Arsene Wenger has told Tottenham boss Mauricio Pochettino that his side must overcome the “fear” of not winning a trophy if they are to earn silverware in the future.
Spurs have improved markedly since the arrival of Pochettino in 2014 and finished second in the Premier League last season.
They also ended the campaign above Arsenal for the first time in Wenger’s 21-year reign – although the Gunners did win the FA Cup for a record 13th time.
Despite earning plenty of admirers for their style and exuberance, Tottenham have not been able to win a trophy since lifting the League Cup in 2008.
Pochettino has yet to come under pressure to start delivering silverware but, ahead of Saturday’s north London derby at the Emirates Stadium, Wenger has offered words of advice to the Argentinian.
Asked how he got over the line to deliver his first trophy as a manager, Wenger replied: “By keeping your nerves and getting the players to focus on what is important.
“At some stages, by fighting a little bit against your inhibitions – the fear that you won’t get over the line. Basically you need to focus on what is important and not focus on the trophy too much.”
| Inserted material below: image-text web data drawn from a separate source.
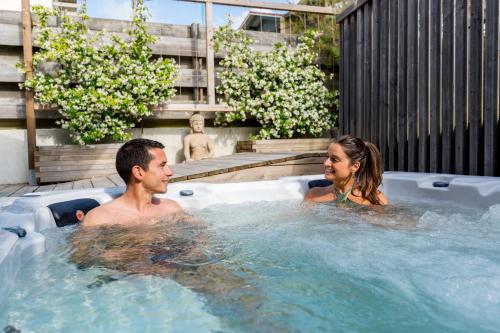 Ted Surf House in แคปบริตง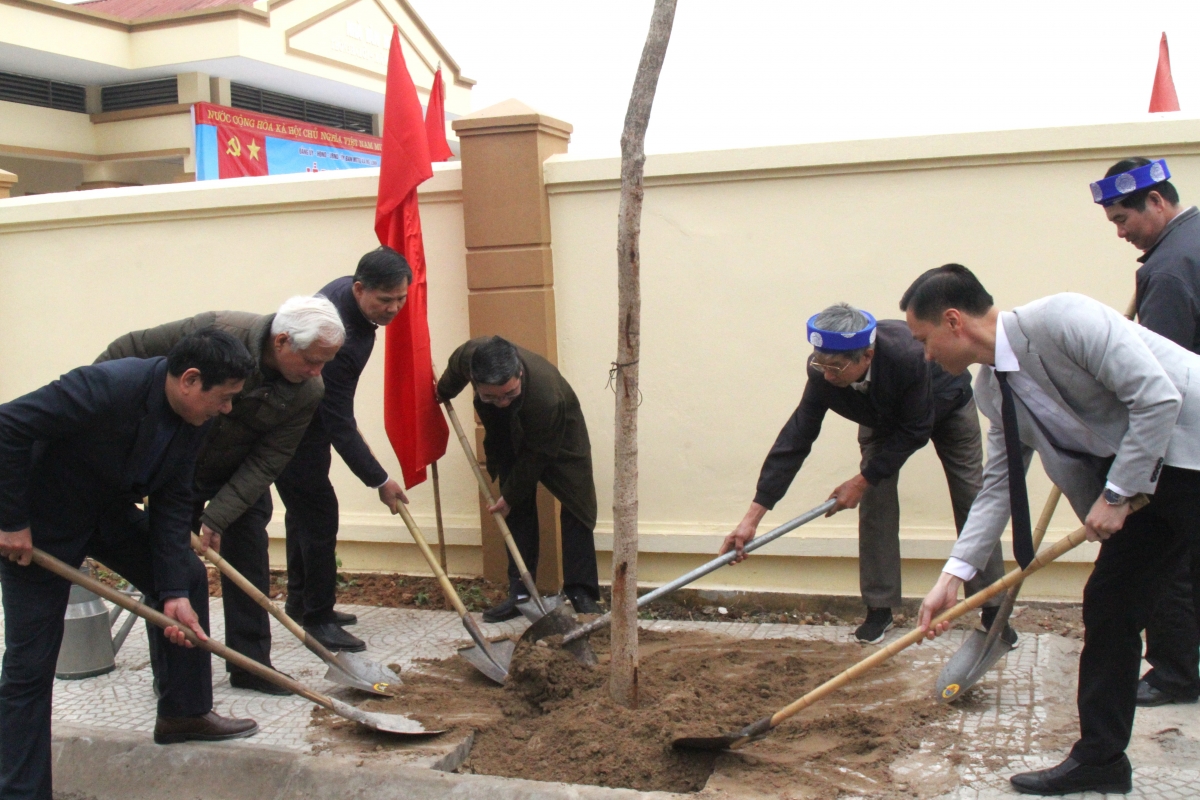 Chủ tịch Hội NCT TP Hà Nội Nguyễn Thế Toàn cùng lãnh đạo địa phương và NCT tham gia trồng cây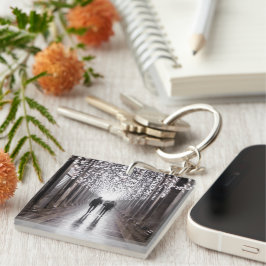 Licht, Schatten und Symmetrie - Sepia Schlüsselanhänger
Wenger has not overseen victory in a Premier League clash with Tottenham since 2014, although Arsenal have gone unbeaten at home against their neighbours for the last seven years.
The 68-year-old faced stinging criticism and calls to leave the club at the end of last season as, despite winning the FA Cup, they fell off the pace in the league and finished 11 points adrift of Spurs.
But Wenger says he is not concerned by the relative gap to Tottenham, or the suggestion they are now better than his side, and is instead solely concerned on getting Arsenal back both into the title picture and the Champions League.
“I was always more focused on finishing in the Champions League,” he said.
“When we had less resources financially I knew that we needed the money to pay the stadium back, so I was more focused on that than on Tottenham. I was never too focused on Tottenham.
“Today, people always take one situation and it is permanent. The judgement is definite, permanent and forever.
“It is down to us to change the opinions of people with our performances, I cannot say much more. If they have a perception like that they have a perception like that but how can you respond? Not by me talking here, we need to show on Saturday that it’s not true.”